Il leur dit : « Quels événements ? » Ils lui répondirent : « Ce qui est arrivé
à Jésus de Nazareth, cet homme qui était un prophète puissant par ses actes et
ses paroles devant Dieu et devant tout le peuple : comment les grands prêtres
et nos chefs l’ont livré, ils l’ont fait condamner à mort et ils l’ont
crucifié. Nous, nous espérions que c’était lui qui allait délivrer Israël. Mais
avec tout cela, voici déjà le troisième jour qui passe depuis que c’est arrivé.
(Luc 24.17-21) " Le "Nous, nous espérions que c’était lui qui
allait délivrer Israël." (v.21) est le pic d'exaspération des
disciples d'Emmaüs. Ils sont abattus, tristes (v.17), et ne savent quoi faire
(v.19).
Ils trouvent
que la mission de Jésus est absurde de lui donner un sens, car Jésus n'a pas
répondu à leur espoir. Soulignons ici qu’une personne qui
traverse des événements difficiles et qui vit l’exaspération ne comprend pas que
ces événements sont à la mesure de ce qu’elle devra un jour intégrer (v.18).
L’individu a l’impression de naviguer dans un terrain où tout hasard peut se
produire, et où il n’a aucun contrôle. C’est l’état moral des disciples d’Emmaüs.

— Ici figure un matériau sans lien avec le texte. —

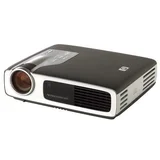 HP XB31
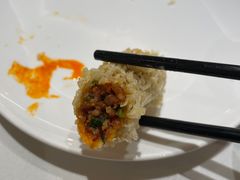 -马旺子酒楼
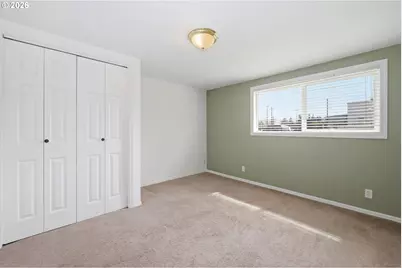 186 40th St, Springfield, OR 97478 - Photo 18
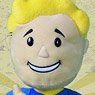 Fallout 4/ Vault-boy 111 12 Inch Plush (Completed)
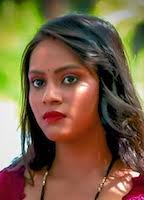 Peehu Kanojia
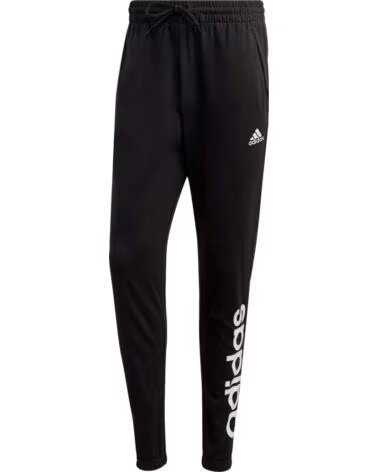 ADIDAS IC0055 TRACK PANTS FOR MEN MULTICOLOR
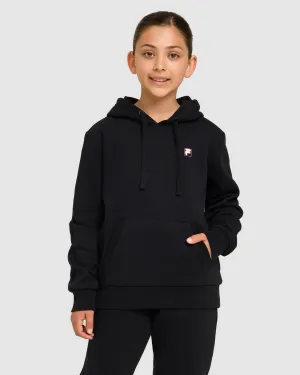 Kids Cali Hood -FILA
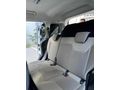 H.KAYDI DEĞİŞEN YOK 78 BİNDE 1.5 TDCİ 100hp TİTANİUM PLUS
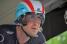 Hayden Roulston (Radioshack-Nissan) (286x)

Car, pour eux, Jésus était un « prophète puissant en œuvres et en paroles
devant Dieu et devant tout le peuple » (v.19) sur qui ils comptaient.
De
même, l’humanité se retrouve aujourd’hui dans l’exaspération d’être confinée
dans l’incertitude du lendemain. Les disciples
d’Emmaüs nous rejoignent dans notre propre expérience chrétienne. Le quotidien
de notre confinement est comme une route qui nous fait traverser toutes sortes
de situations et d’événements qui nous façonnent, qui nous exaspèrent.
Vivons-nous le quotidien du confinement avec cette foi en la
présence du Christ qui fait route avec nous? Je doute que le rythme trépidant
de ce confinement nous offre cette possibilité. Pourtant le Christ se présente
discrètement à nous comme le compagnon mystérieux qui écoute les joies et les
peines, les espoirs et les déceptions, les satisfactions et les faims, les
richesses et les pauvretés qui constituent notre expérience quotidienne de vie
confinée. Y a-t-il à travers tout cela un espace qui ne demande qu’à être
habité davantage par la présence du Christ, comme ce désir des disciples que
Jésus reste avec eux ?
Car, n’oublions pas que c’est dans l’intimité de leur maison
et d’un repas partagé que le Ressuscité se fait reconnaître aux disciples à
travers la fraction du pain, le signe de sa vie donnée par amour.